■ INPUT DATA:

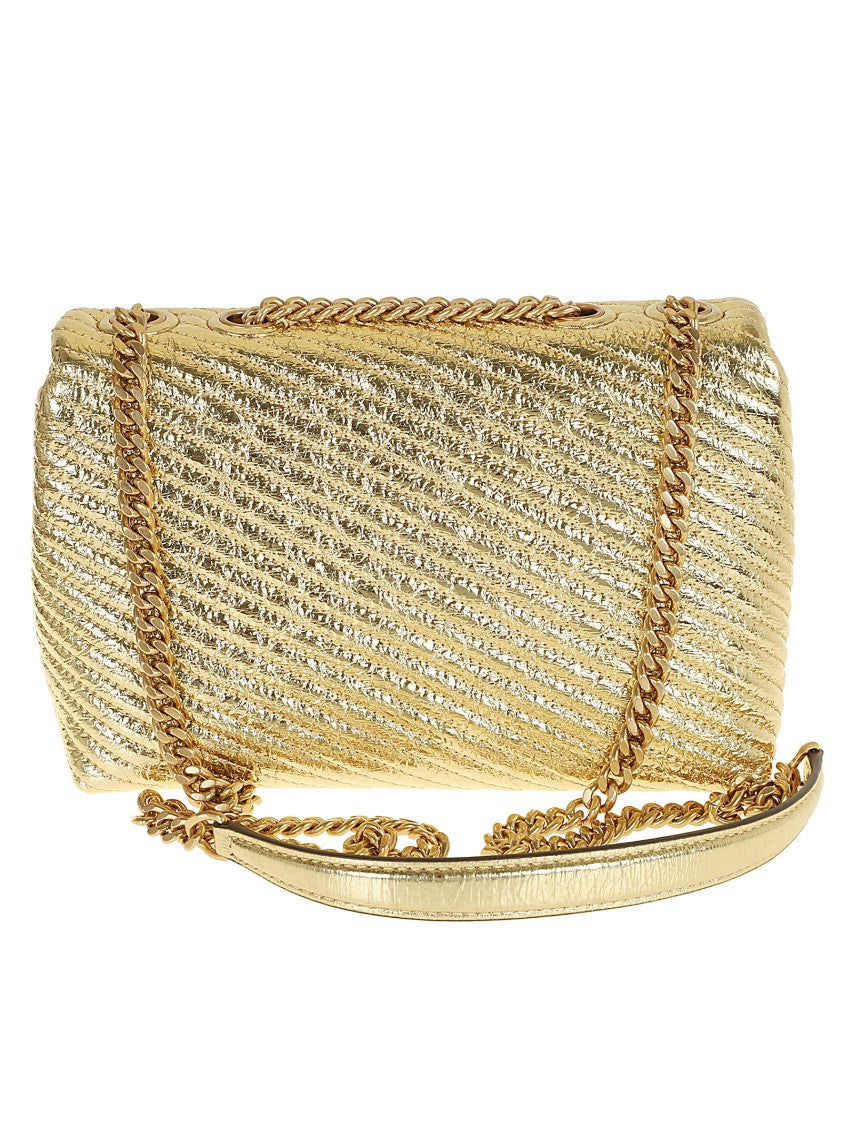 Tory Burch Kira Metallic Moto Quilt Small Convertible Shoulder Bag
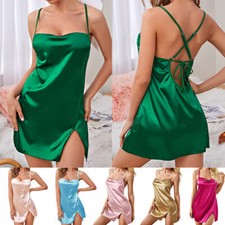 Vêtements De Nuit En Satin Pour Femmes Col En V Couleur Unie Lingerie Robe À /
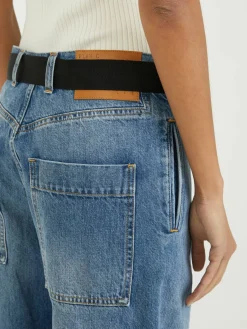 Wide-Leg Jeans mit abnehmbaren Gürtel Blau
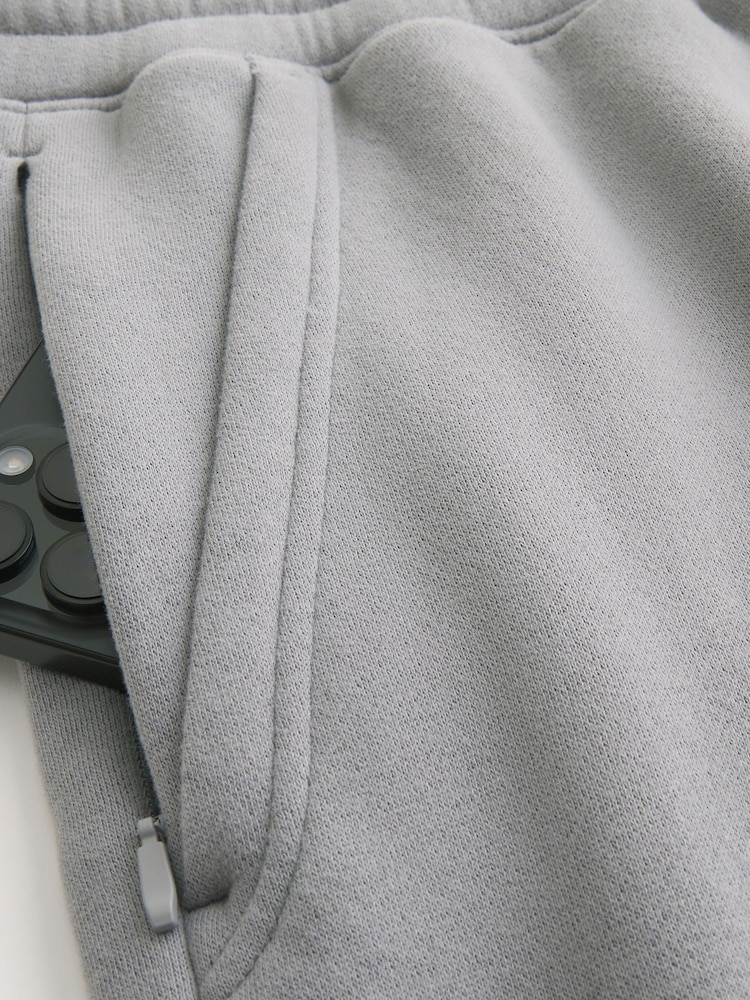 Hollister Light Grey Mid-Thigh Fleece Shorts - Image 2 of 2 Hollister Light Grey Mid-Thigh Fleece Shorts - Image 2 of 2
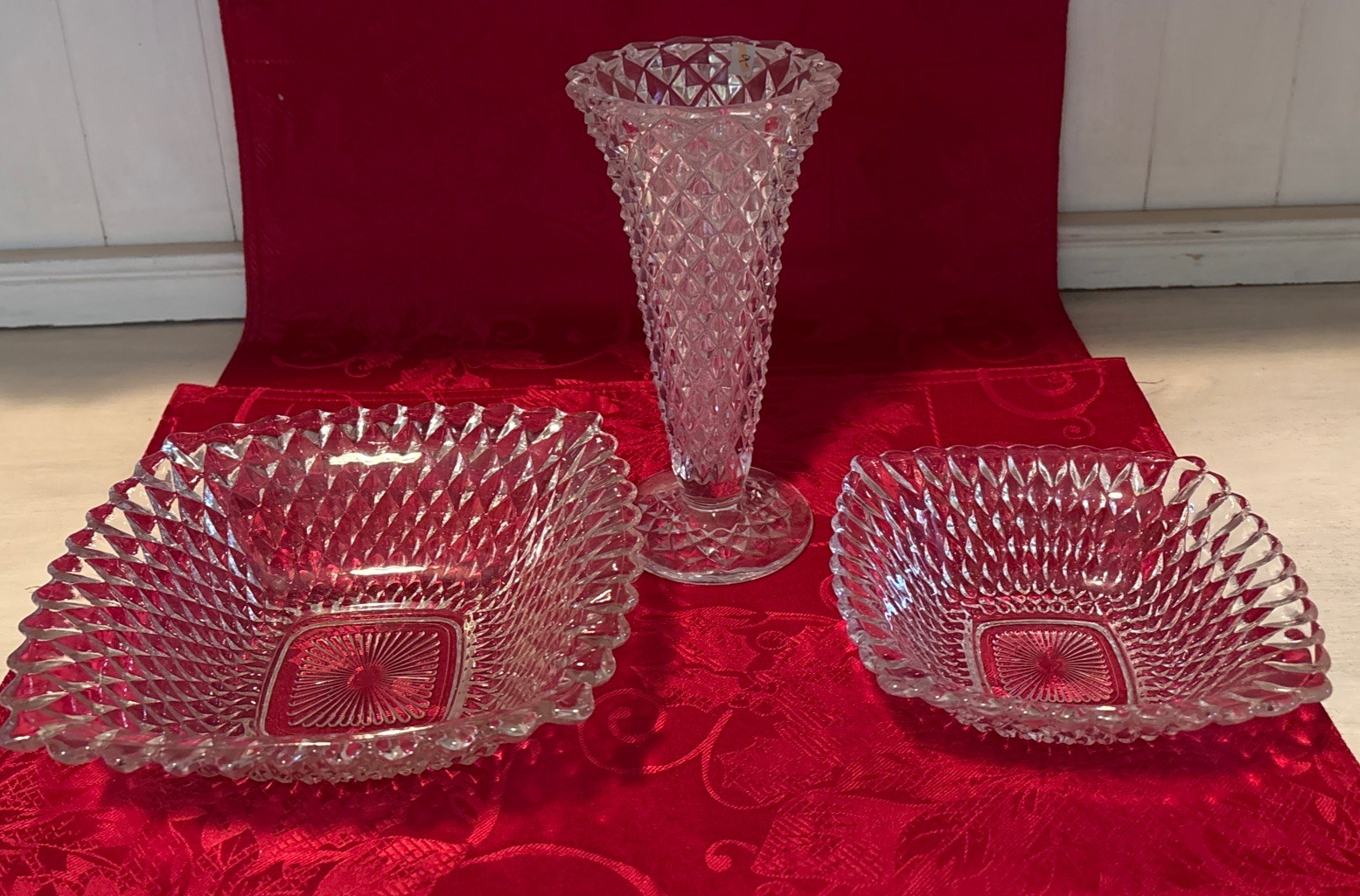 2 Depression Glass - Indiana - Diamond Point Square Dishes  and vase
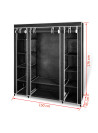 Fabric Wardrobe with Compartments and Rods 45x150x176 cm Black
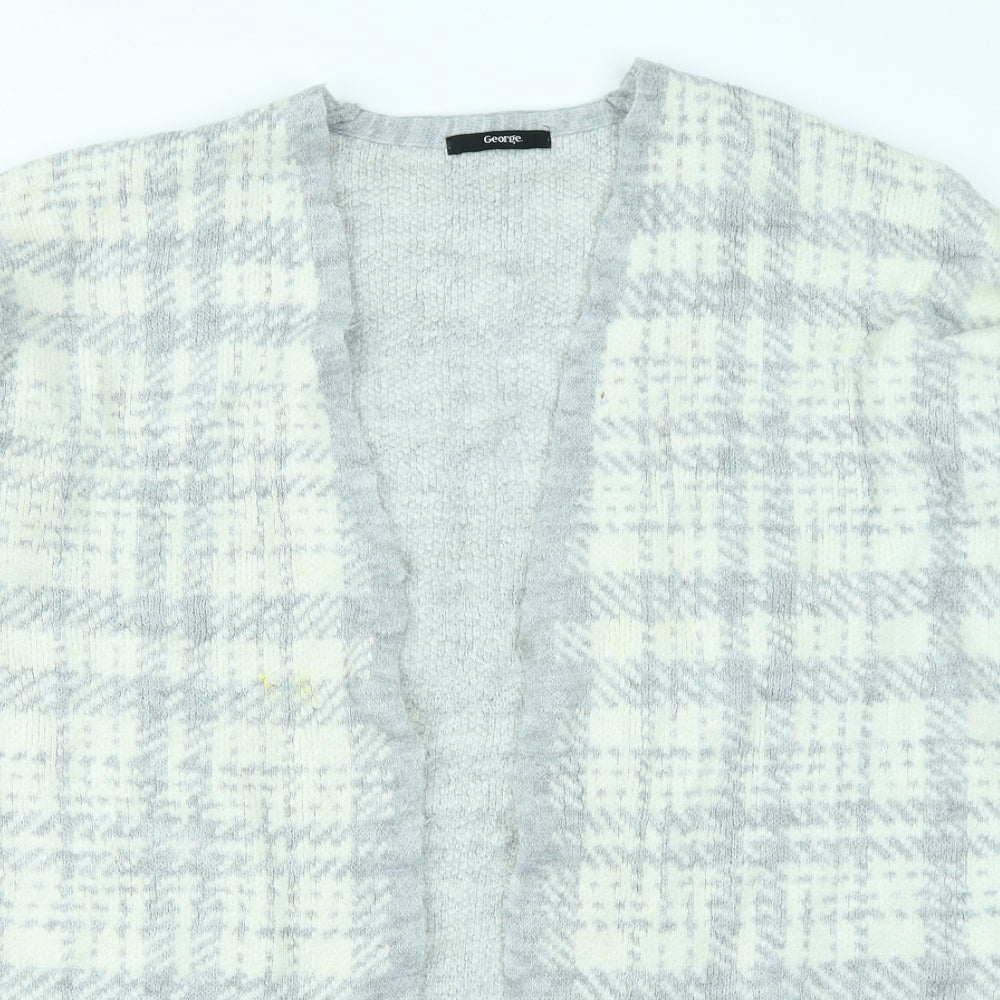 George Womens Blue Plaid  Cardigan Jumper Size 14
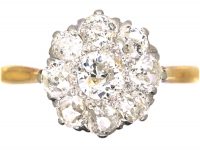 Early 20th Century 18ct White & Yellow Gold Diamond Cluster Ring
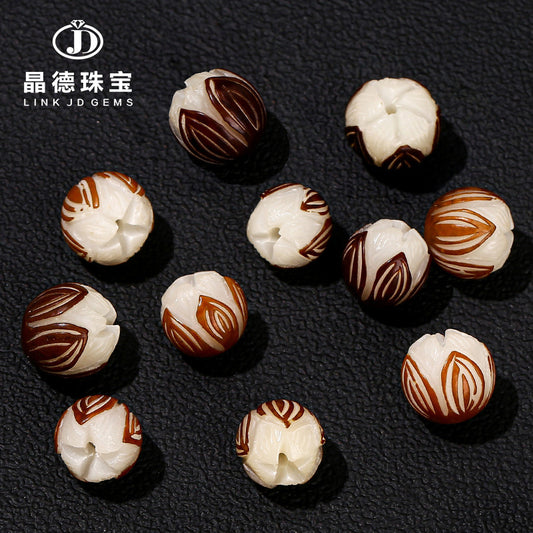White Jade Bodhi Root Original Seed Lotus Beads Loose Beads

■ EXERCISE INSTRUCTIONS:
Output exactly those lines of the data above that run from the line with "Wide-Leg Jeans mit abnehmbaren Gürtel Blau" up to and including the line with "2 Depression Glass". No pictures go in.

■ TASK RESPONSE:
 Wide-Leg Jeans mit abnehmbaren Gürtel Blau
 Hollister Light Grey Mid-Thigh Fleece Shorts - Image 2 of 2 Hollister Light Grey Mid-Thigh Fleece Shorts - Image 2 of 2
 2 Depression Glass - Indiana - Diamond Point Square Dishes  and vase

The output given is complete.